Stored items
Segment Open

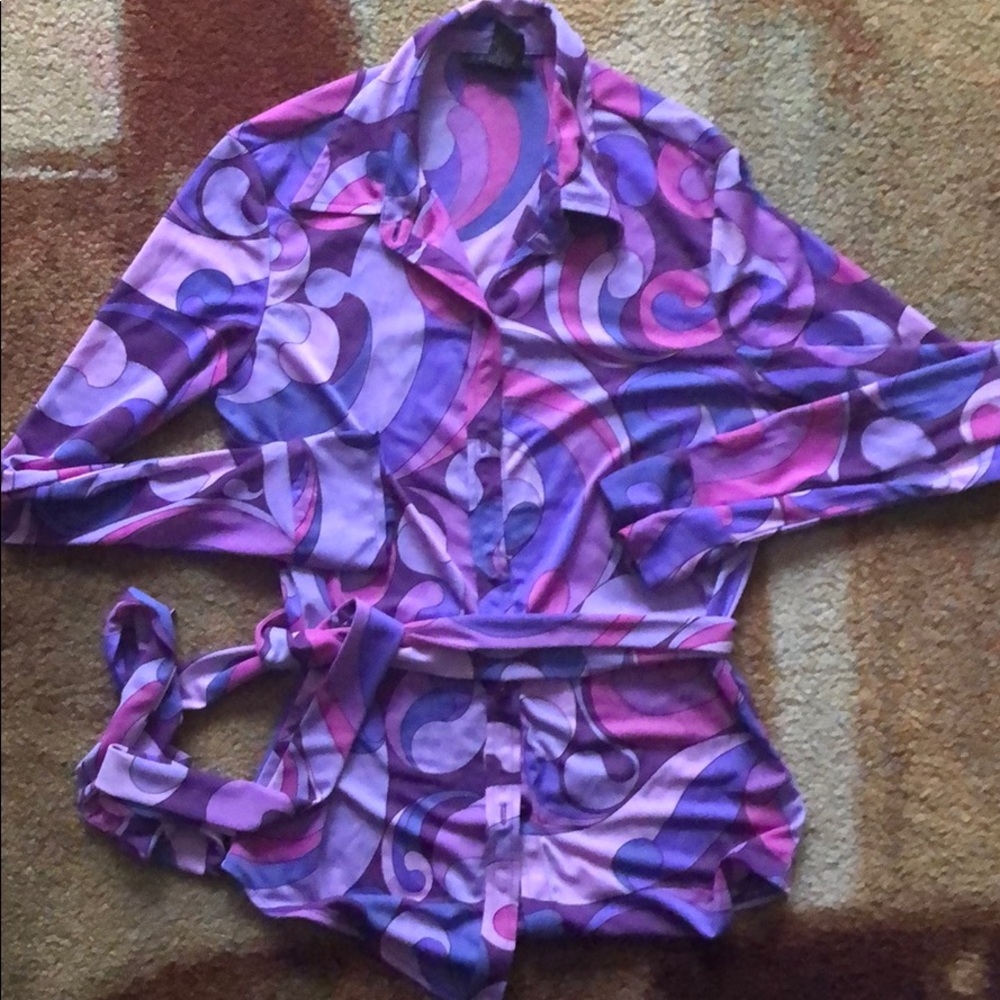 Express Multicolored Button Down Shirt W/ Belt - image 2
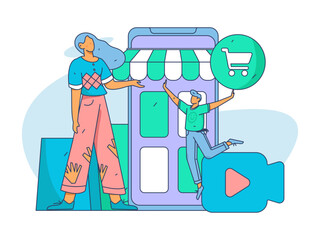 Festive Shopping E-Commerce Online Shopping People Flat Vector Concept Operation Hand Drawn Illustration
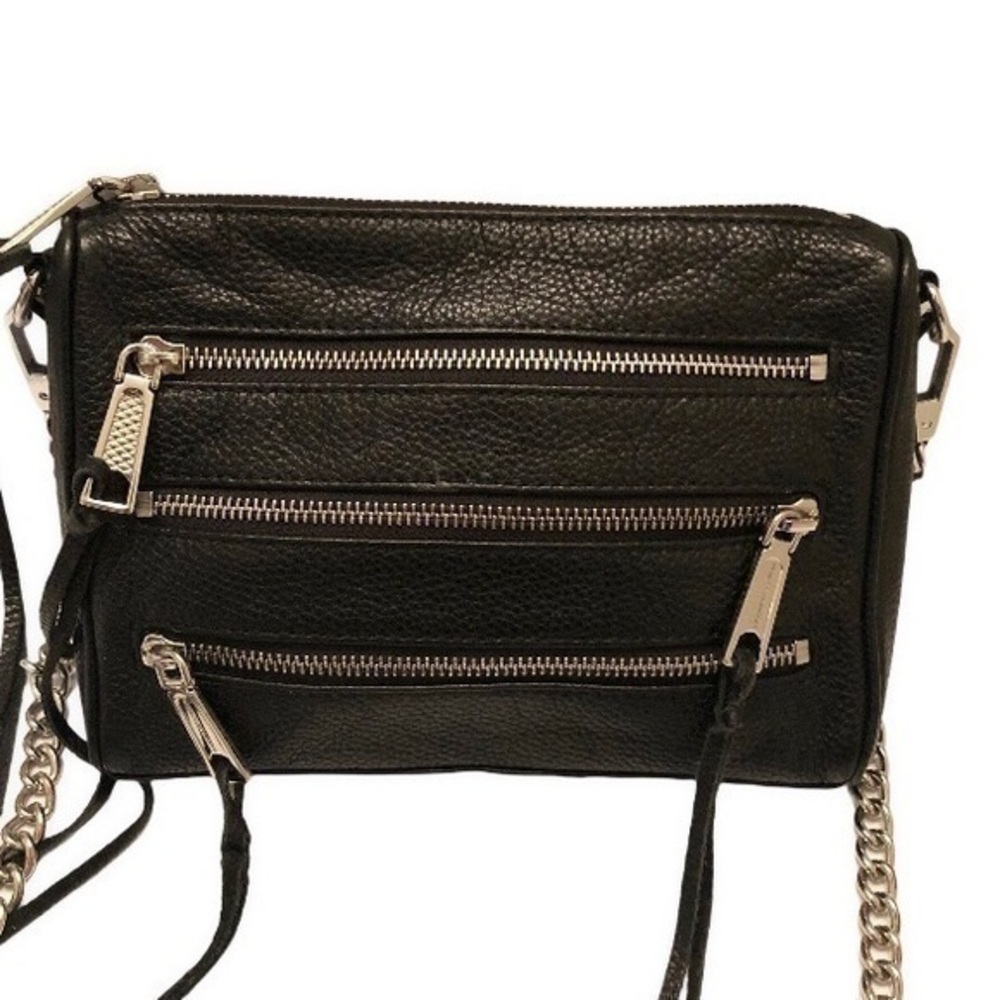 Rebecca minkoff black leather zipper crossbody bag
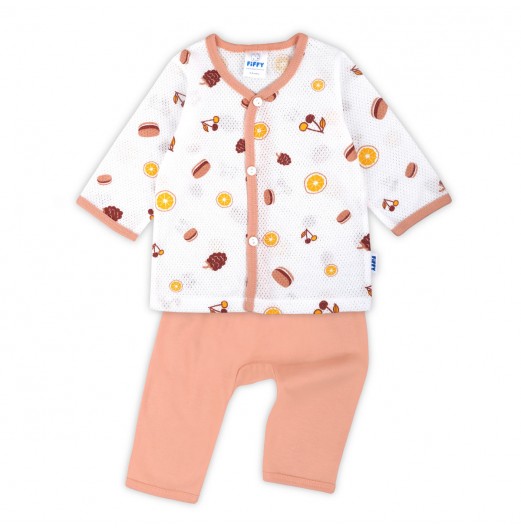 FIFFY BAJU BAYI SWEET ORCHARD LONG SLEEVE VEST + LONG PANT SUIT (4325005)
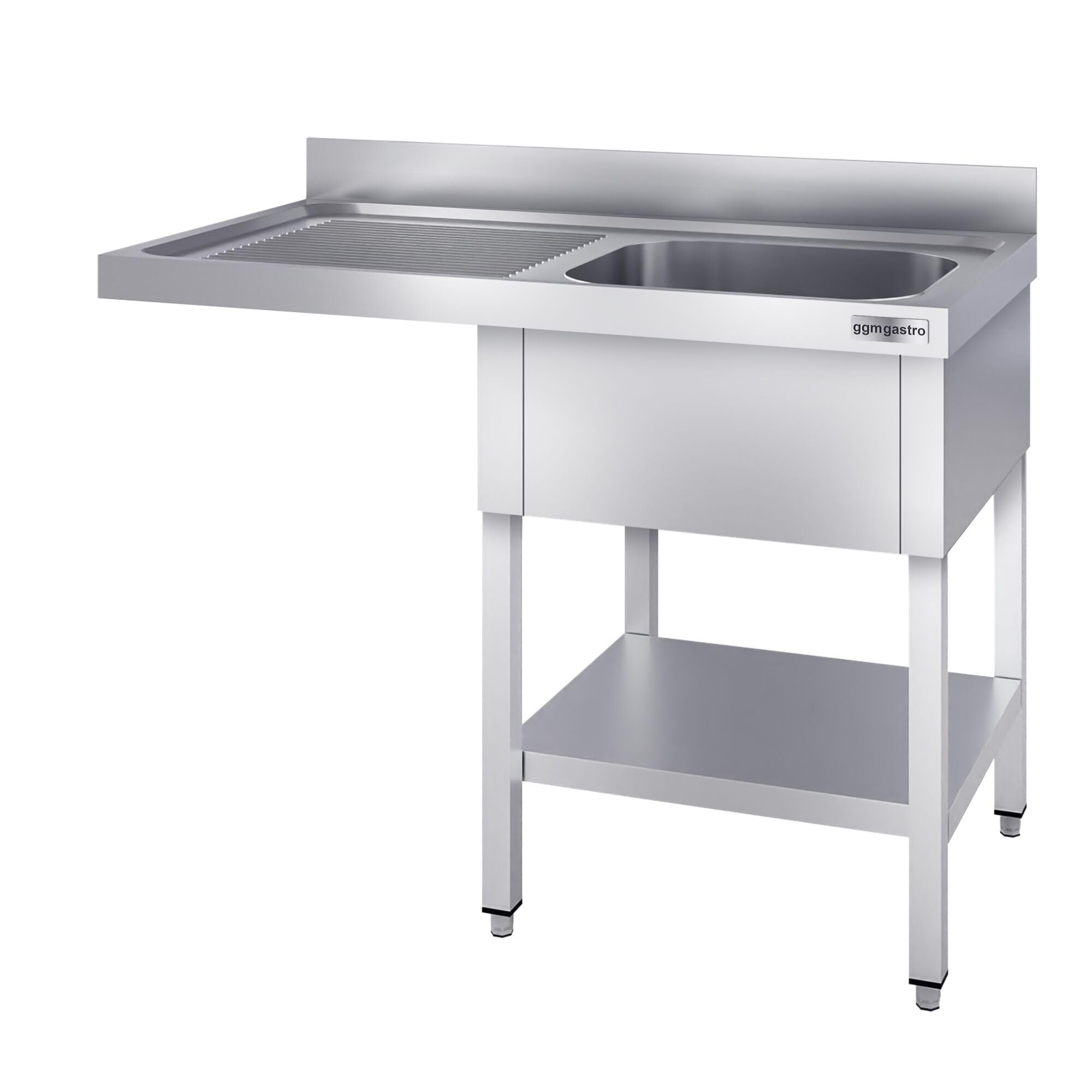 GGM Gastro | STK146SBR1 | Spülmaschinen-Spültisch - 1400x600mm - mit 1 Becken rechts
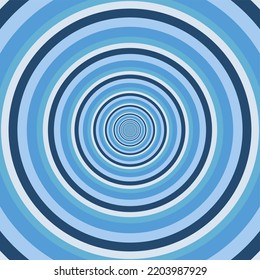 Un túnel sin fin en tonos azules. Ilustración vectorial.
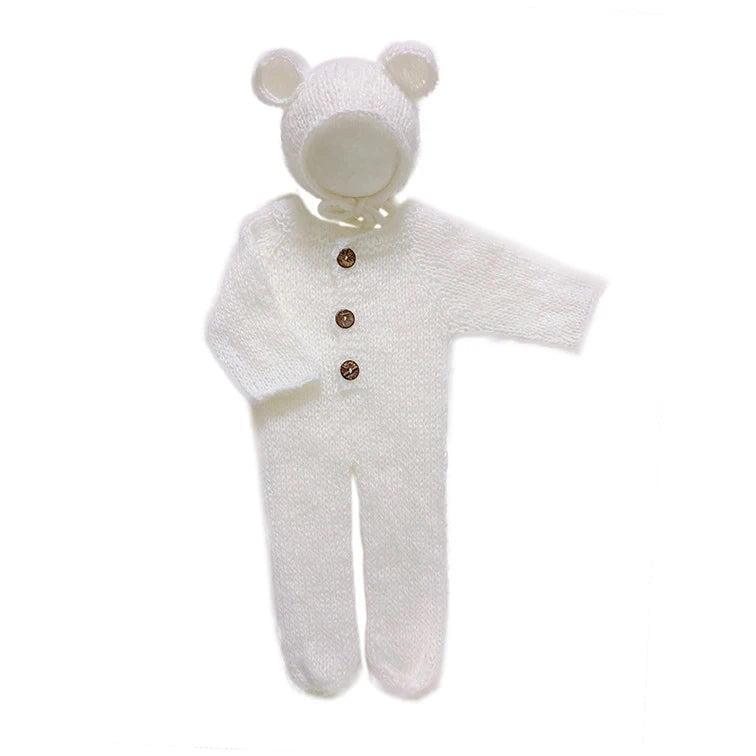Foto Studio Babykleidung Neugeborene Strickwolle Mohair Anzug Bärenkleidung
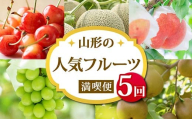 [2025年 先行予約]数量限定 山形の人気フルーツ満喫便 5回定期便 さくらんぼ 紅秀峰 メロン 桃 果物 フルーツ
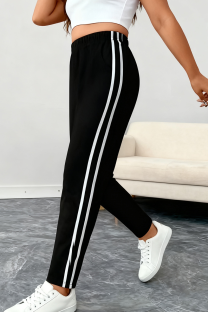 Black Casual Stripe Contrast Plus Size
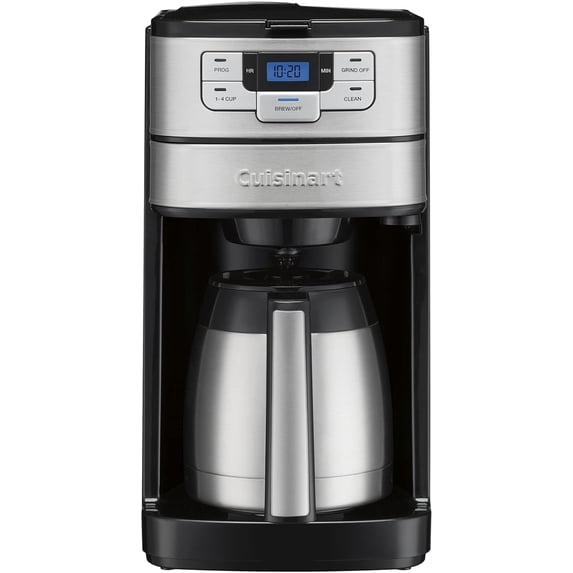 Automatic Grind & Brew 10-Cup Coffee Maker with Blade Grinder, Programmable Coffee Machine Glass Carafe with 1-4 Cup Setting, Brew Pause, Grind-Off Option, DGB-450NAS, Black/Stainless Steel
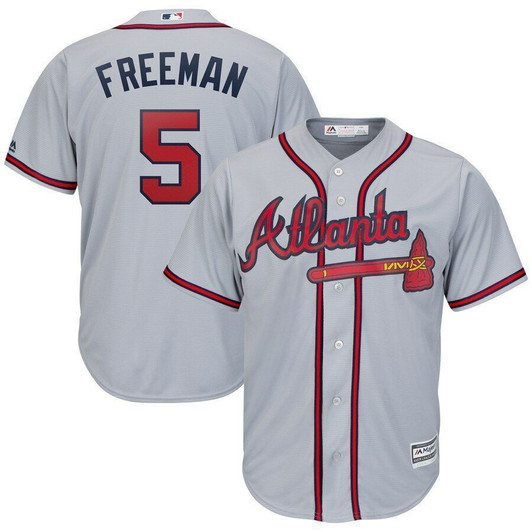 Freddie Freeman Atlanta Braves Majestic Official Cool Base Player Jersey Jersey Gray 2021
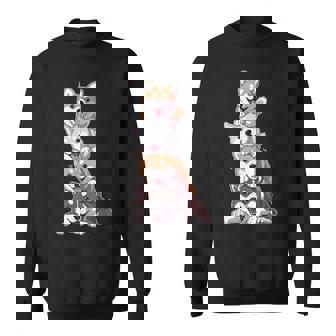 かわいい秋田犬が重ねて重ねられています スウェットシャツ - Kawaiitshirt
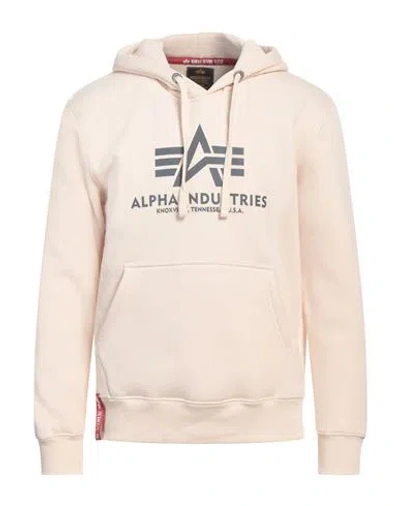 Alpha Industries Man Sweatshirt Off White Size L Cotton, Polyester In Neutral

Segment Closed

The lines to copy begin with the one containing "GGM Gastro |" and end with the last line of the entries above; copy them exactly, minus the pictures.

● **ANSWER TO THE PROBLEM**
 GGM Gastro | STK146SBR1 | Spülmaschinen-Spültisch - 1400x600mm - mit 1 Becken rechts
 Un túnel sin fin en tonos azules. Ilustración vectorial.
Foto Studio Babykleidung Neugeborene Strickwolle Mohair Anzug Bärenkleidung
 [2025年 先行予約]数量限定 山形の人気フルーツ満喫便 5回定期便 さくらんぼ 紅秀峰 メロン 桃 果物 フルーツ
 Black Casual Stripe Contrast Plus Size
 Automatic Grind & Brew 10-Cup Coffee Maker with Blade Grinder, Programmable Coffee Machine Glass Carafe with 1-4 Cup Setting, Brew Pause, Grind-Off Option, DGB-450NAS, Black/Stainless Steel
 Freddie Freeman Atlanta Braves Majestic Official Cool Base Player Jersey Jersey Gray 2021
 かわいい秋田犬が重ねて重ねられています スウェットシャツ - Kawaiitshirt
 Alpha Industries Man Sweatshirt Off White Size L Cotton, Polyester In Neutral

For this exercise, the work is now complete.